Problem:
In the entries below, begin at the line that has "Энергосбыт великие луки телефон", stop after the line that has "Schneeglöckchen (Galanthus) mit", and output those lines exactly with no pictures.

Data shown:
★ ★ ★ ★ ★ ★ ★

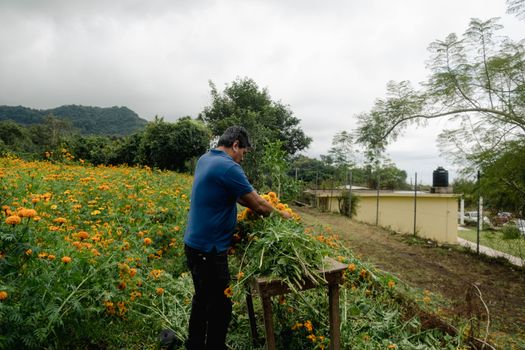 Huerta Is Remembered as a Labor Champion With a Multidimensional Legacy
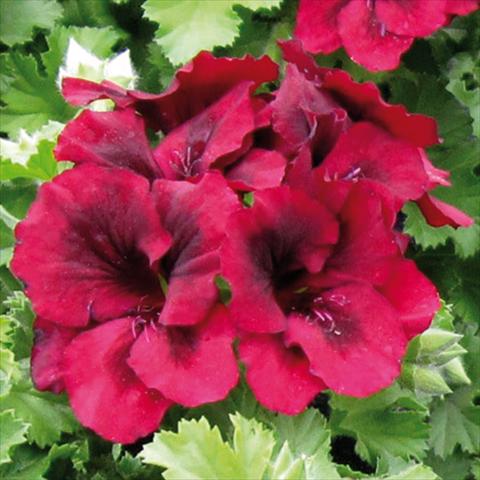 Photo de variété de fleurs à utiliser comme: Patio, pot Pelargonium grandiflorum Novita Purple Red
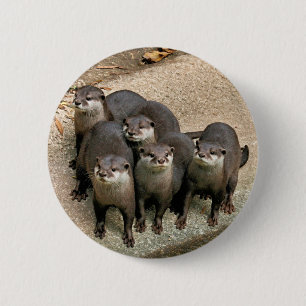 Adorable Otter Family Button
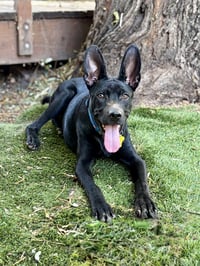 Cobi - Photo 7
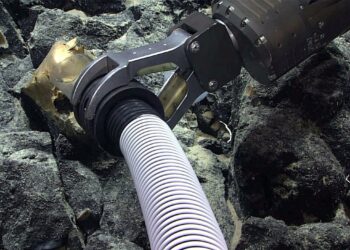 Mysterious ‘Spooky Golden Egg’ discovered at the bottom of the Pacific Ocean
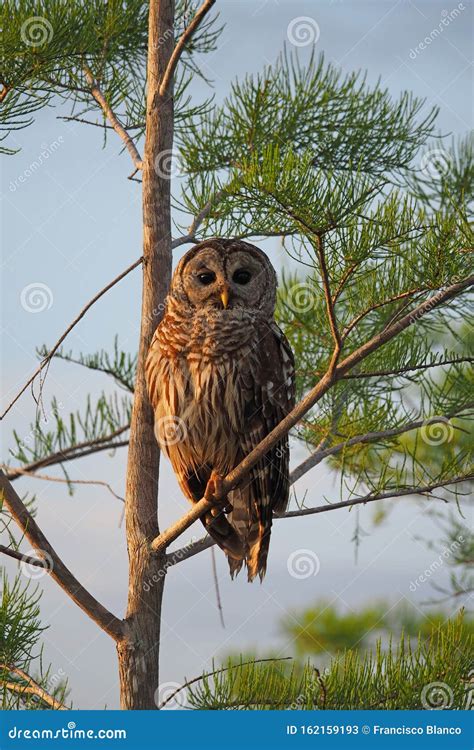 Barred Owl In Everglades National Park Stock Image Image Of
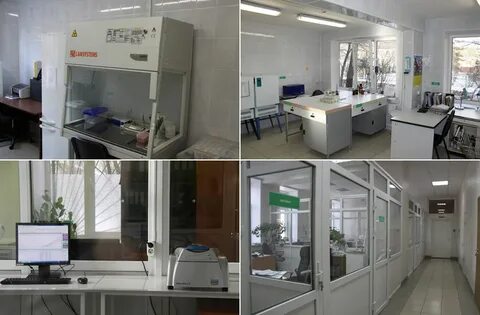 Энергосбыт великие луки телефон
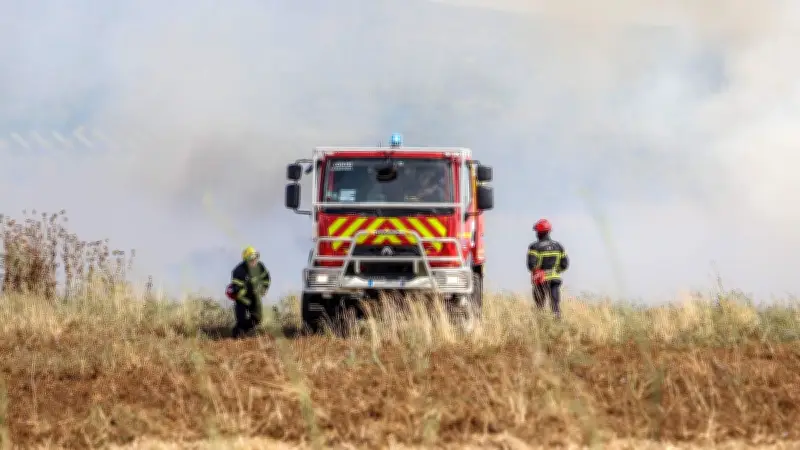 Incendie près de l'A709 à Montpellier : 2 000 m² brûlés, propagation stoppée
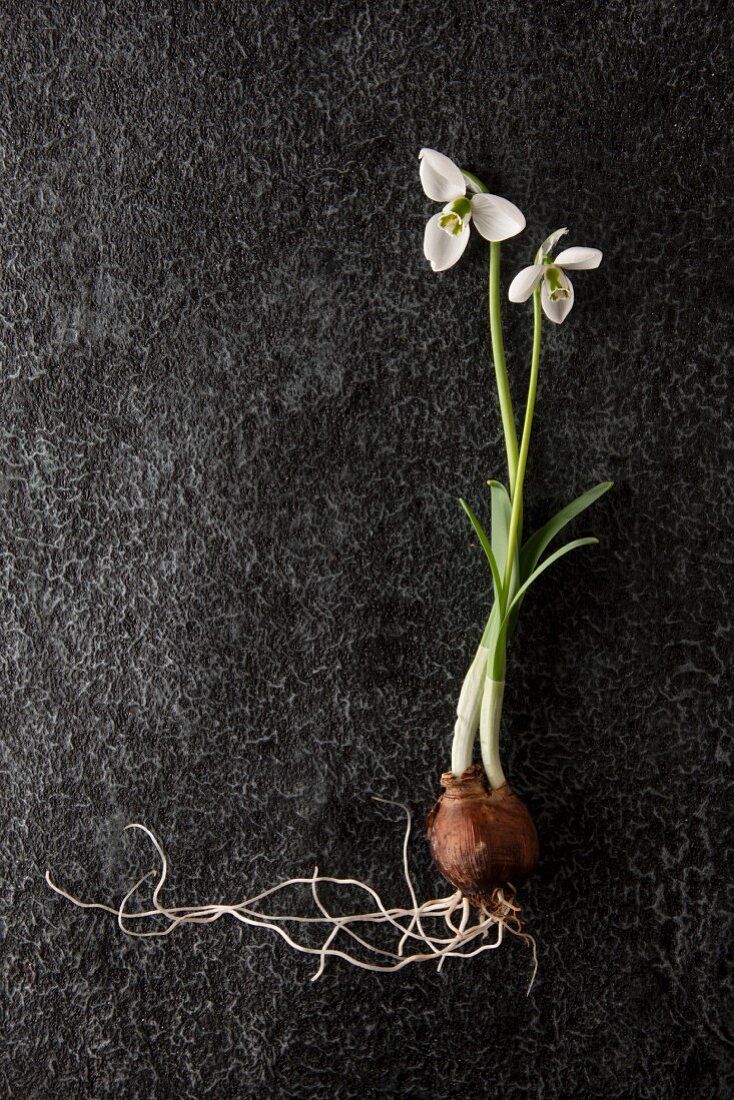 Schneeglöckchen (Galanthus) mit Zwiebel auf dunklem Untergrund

★ ★ ★ ★ ★ ★ ★

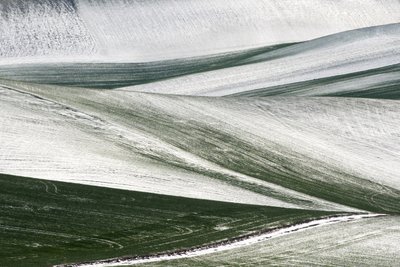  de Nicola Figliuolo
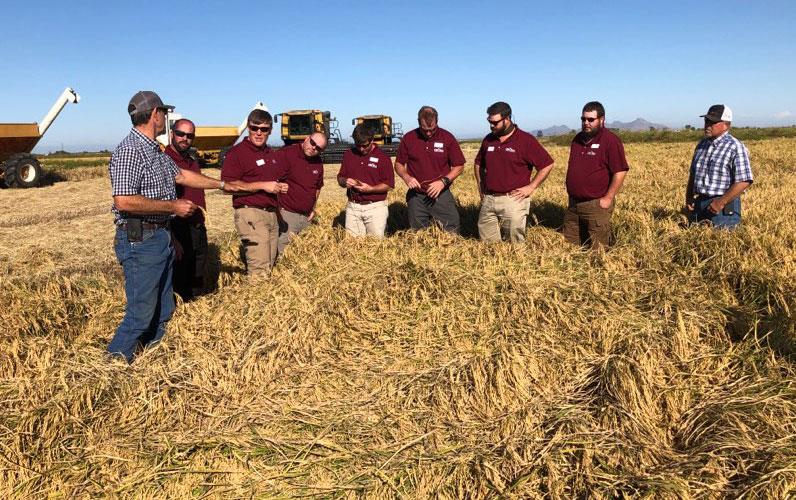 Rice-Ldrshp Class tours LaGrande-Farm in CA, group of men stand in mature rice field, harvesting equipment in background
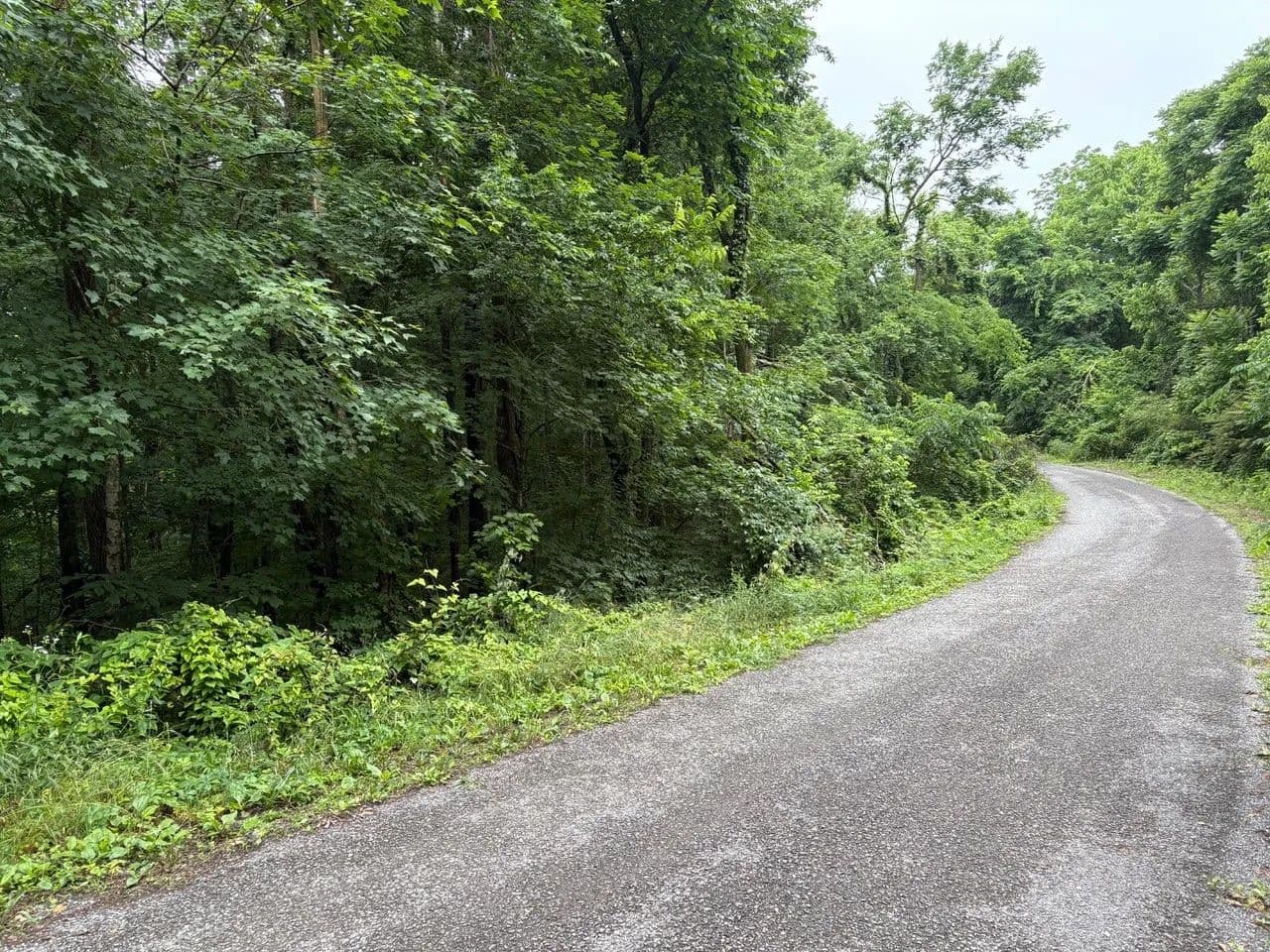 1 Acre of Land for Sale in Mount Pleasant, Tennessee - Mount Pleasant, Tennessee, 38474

★ ★ ★ ★ ★ ★ ★

Exercise output:
 Энергосбыт великие луки телефон
 Incendie près de l'A709 à Montpellier : 2 000 m² brûlés, propagation stoppée
 Schneeglöckchen (Galanthus) mit Zwiebel auf dunklem Untergrund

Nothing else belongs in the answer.